An exact copy is needed of the lines in the entries below from the line with "casual-leather-shoe-with-velcro-straps" up to and including the line with "Sell Pulling Needle for Hair Extension", and of nothing else. Leave the pictures out.

■ **Entries shown**
:::::

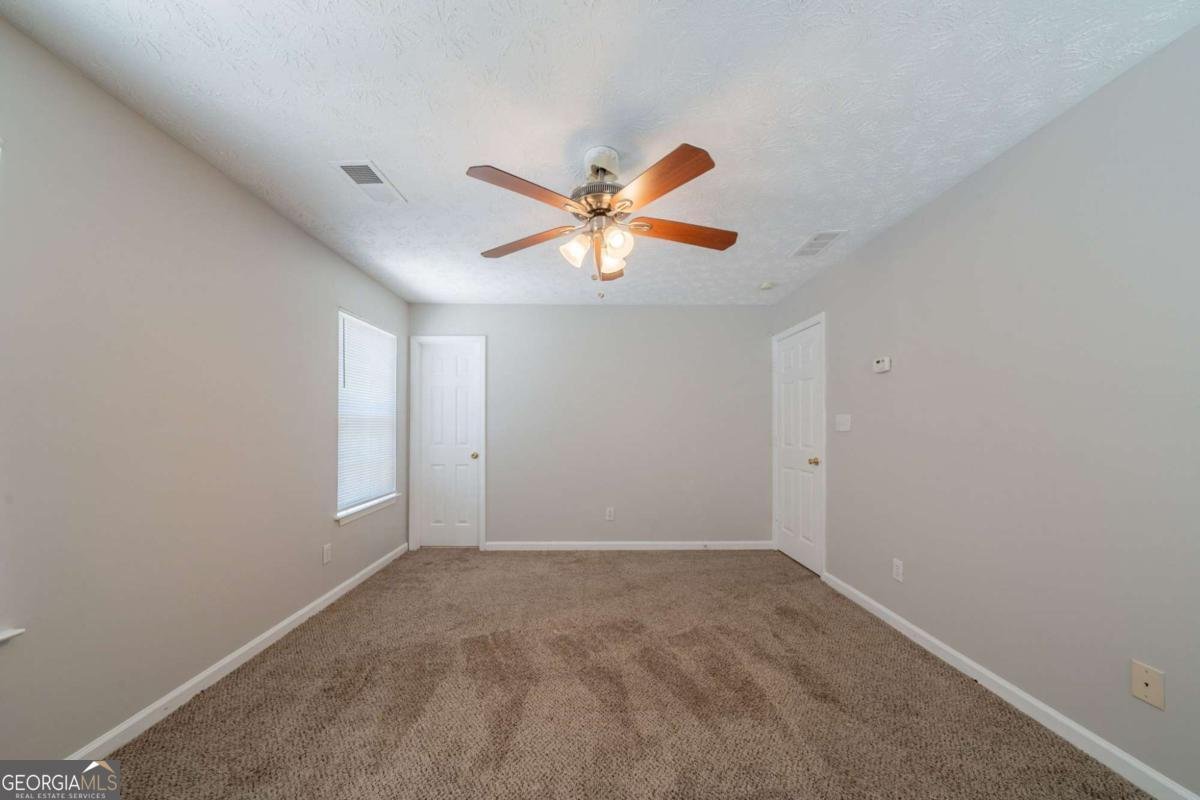 6509 Charter Way Lithonia - 11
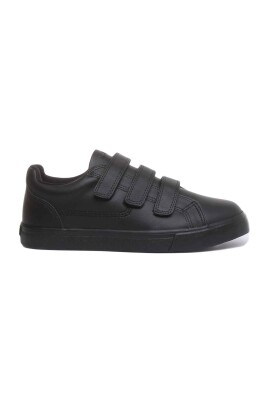 casual-leather-shoe-with-velcro-straps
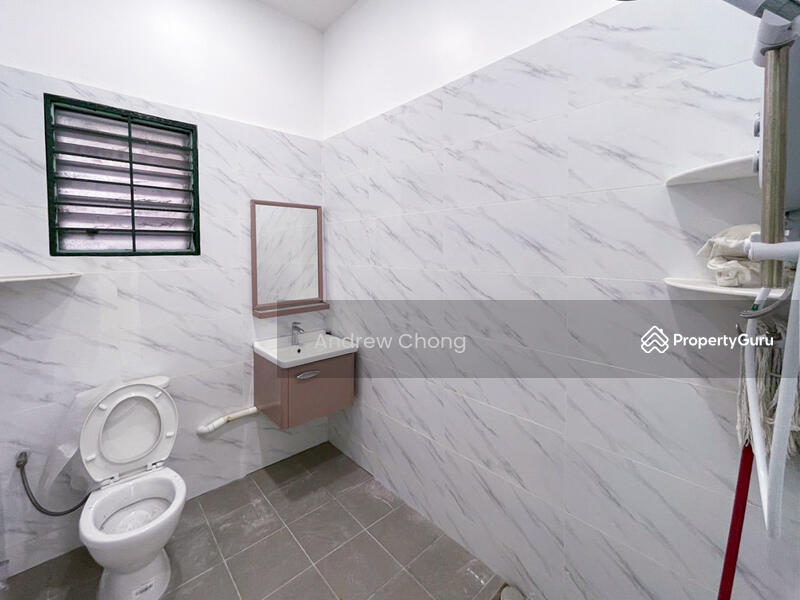 Bungalow House untuk Disewa di Tanjung Bungah (Penang) - Andrew Chong - PropertyGuru.com.my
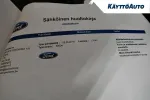 Ford Transit Custom IPU-404 carousel thumbs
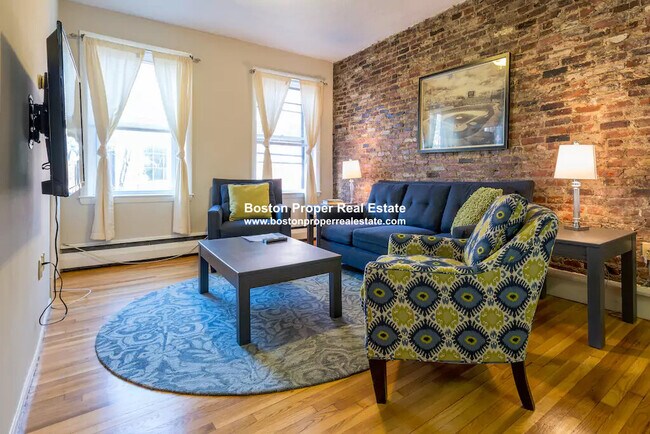 Photo - 15 Garden St Unidad 2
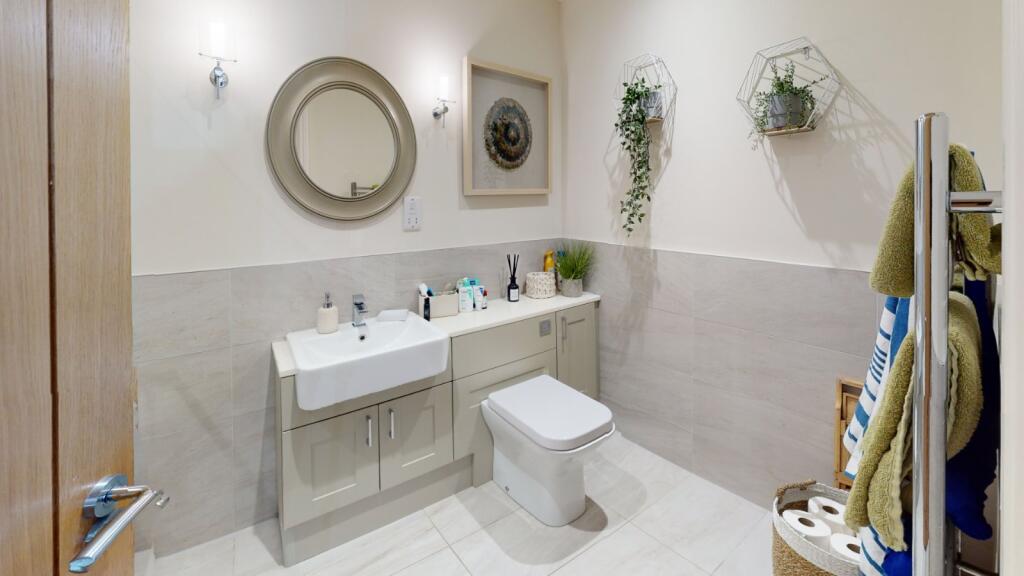 Additional image 36 of Barrs Wood Road, New Milton, Hampshire, BH25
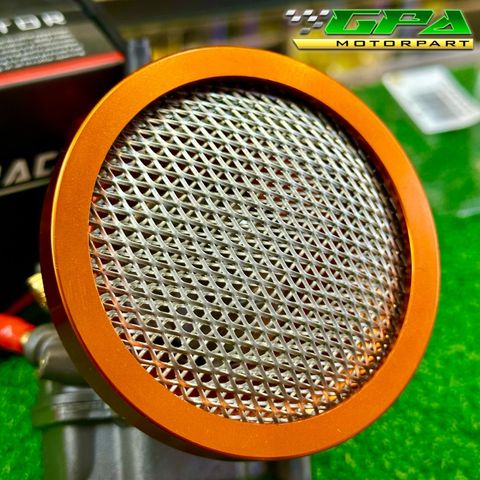 my-11134207-7rasg-mbsudxti86mud1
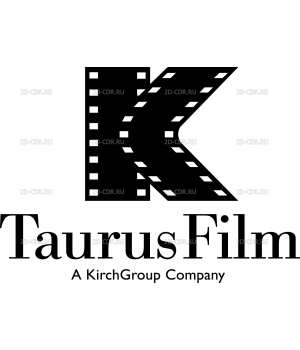 TAURUS FILM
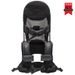 MINIMEIS SHOULDER CARRIER G5 6MON-18KG BLACK PREMIUM - KROSNY - NOŠENÍ & SPORT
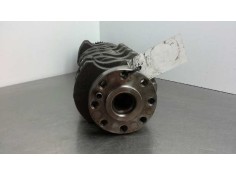 Recambio de cigueñal para ford mondeo berlina (ge) ghia referencia OEM IAM    2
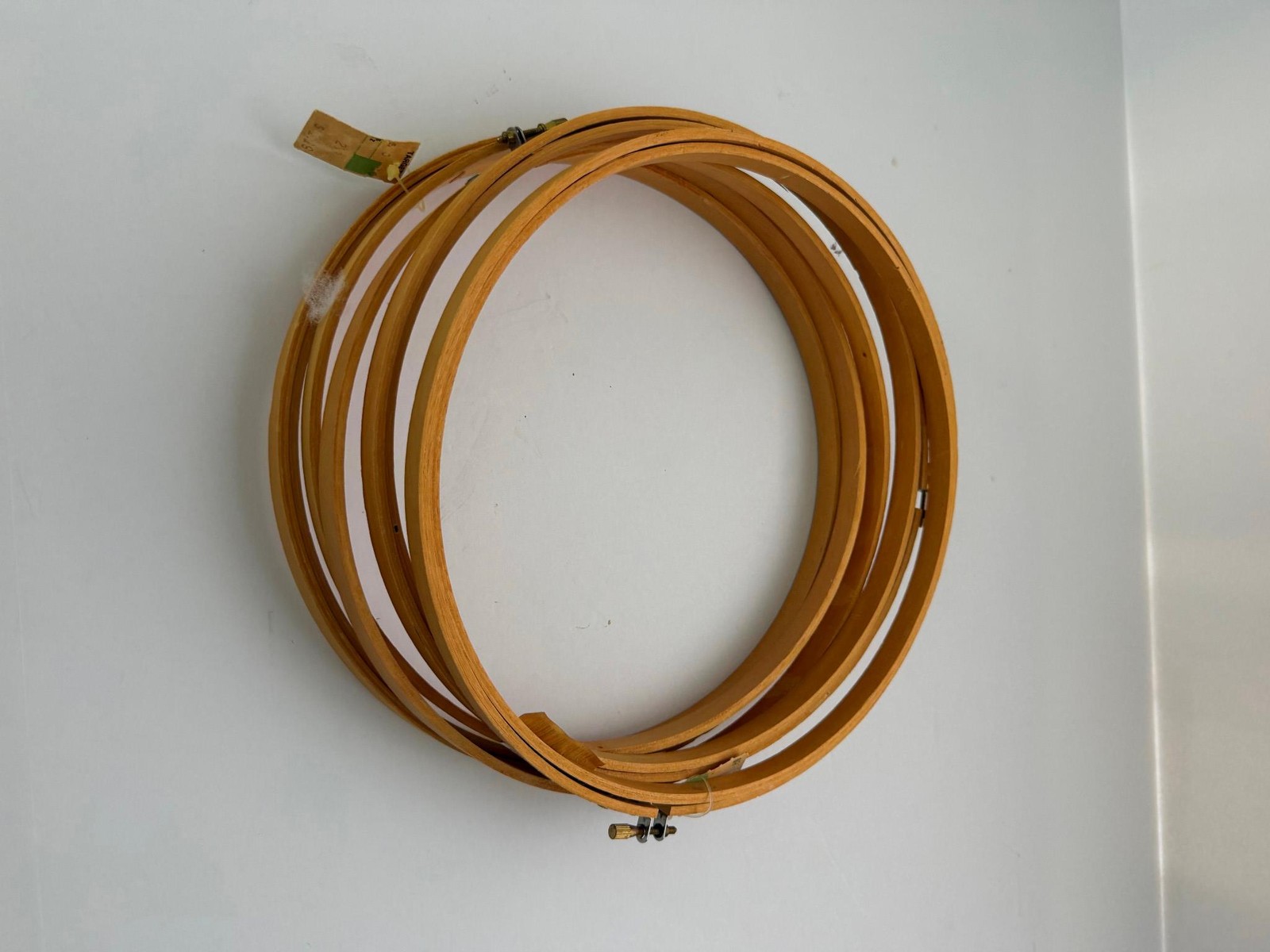 Hoop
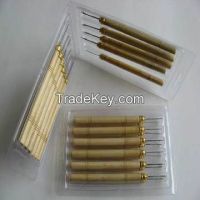 Sell Pulling Needle for Hair Extension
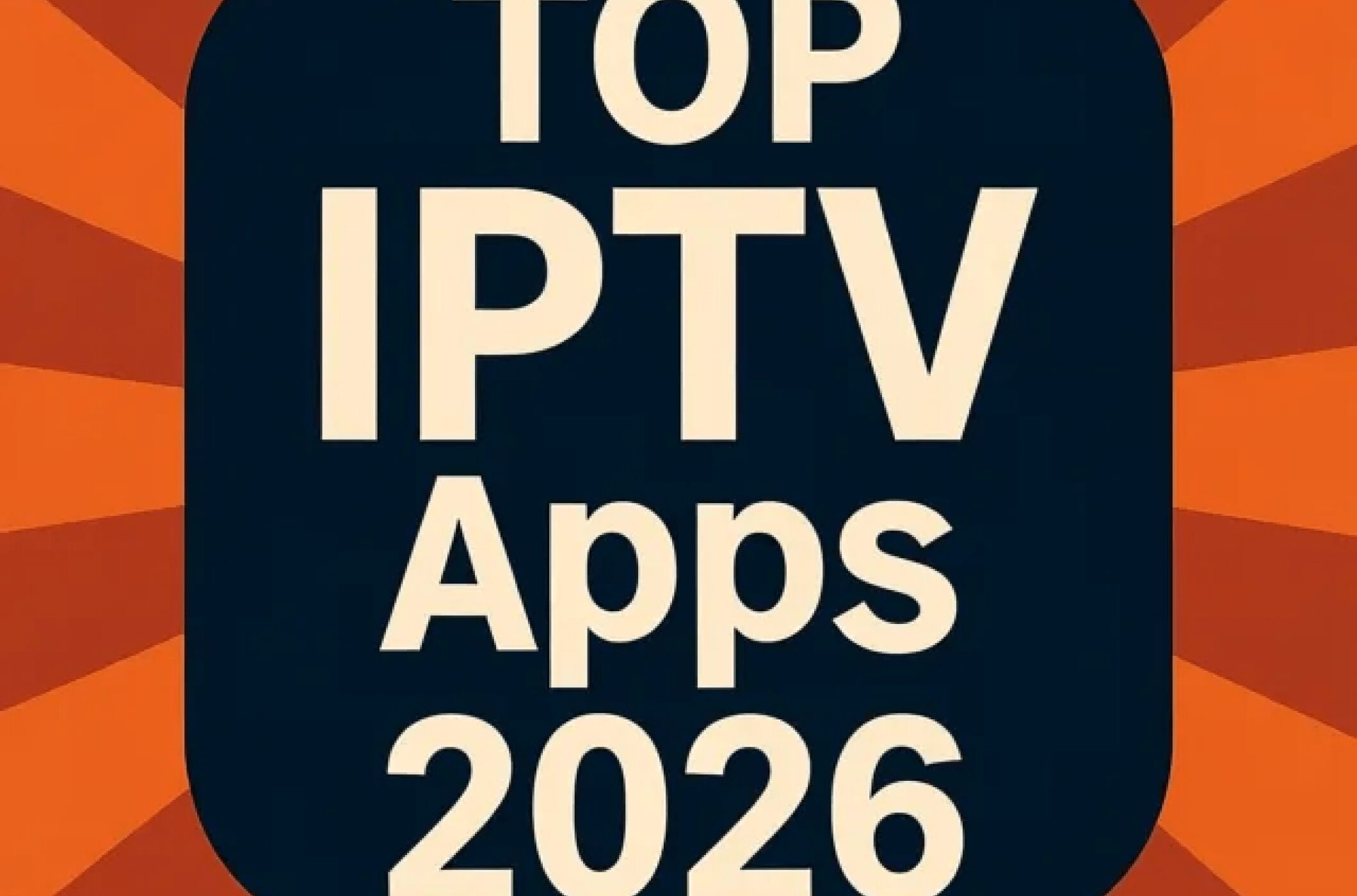 Premium IPTV subscription worldwide with live TV channels sports movies and HD 4K streaming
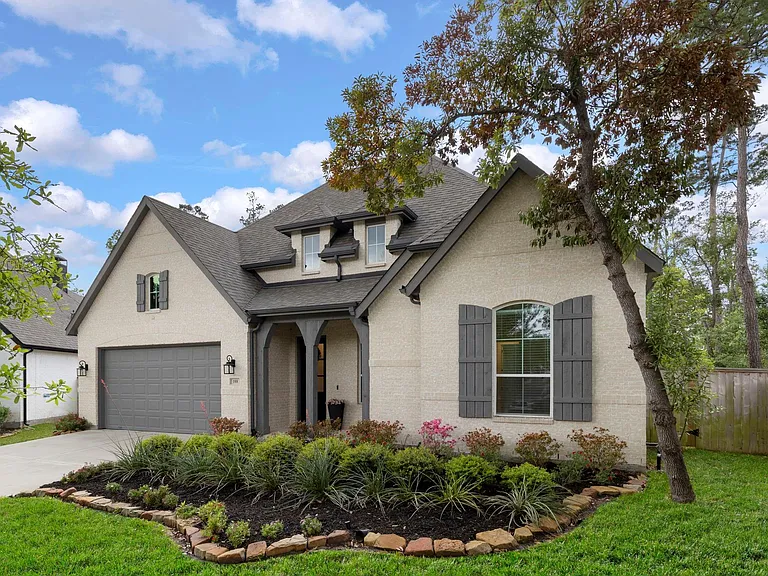 108 Salvia Star Ct — Photo 3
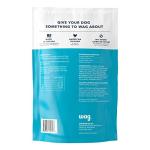 Wag Peanut Butter & Banana Dog Training Treats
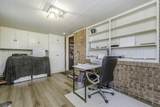 3228 Travis Street - Photo 16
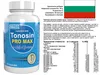 Tonosin Pro Max - 300 Kapseln (5x 60 Kapseln), 5er Pack Produktbild-Vorschau 8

:::::

■ **Solution to the problem**
 casual-leather-shoe-with-velcro-straps
 Bungalow House untuk Disewa di Tanjung Bungah (Penang) - Andrew Chong - PropertyGuru.com.my
 Ford Transit Custom IPU-404 carousel thumbs
 Photo - 15 Garden St Unidad 2
 Additional image 36 of Barrs Wood Road, New Milton, Hampshire, BH25
 my-11134207-7rasg-mbsudxti86mud1
 TAURUS FILM
 MINIMEIS SHOULDER CARRIER G5 6MON-18KG BLACK PREMIUM - KROSNY - NOŠENÍ & SPORT
 Recambio de cigueñal para ford mondeo berlina (ge) ghia referencia OEM IAM    2
 Hoop
 Sell Pulling Needle for Hair Extension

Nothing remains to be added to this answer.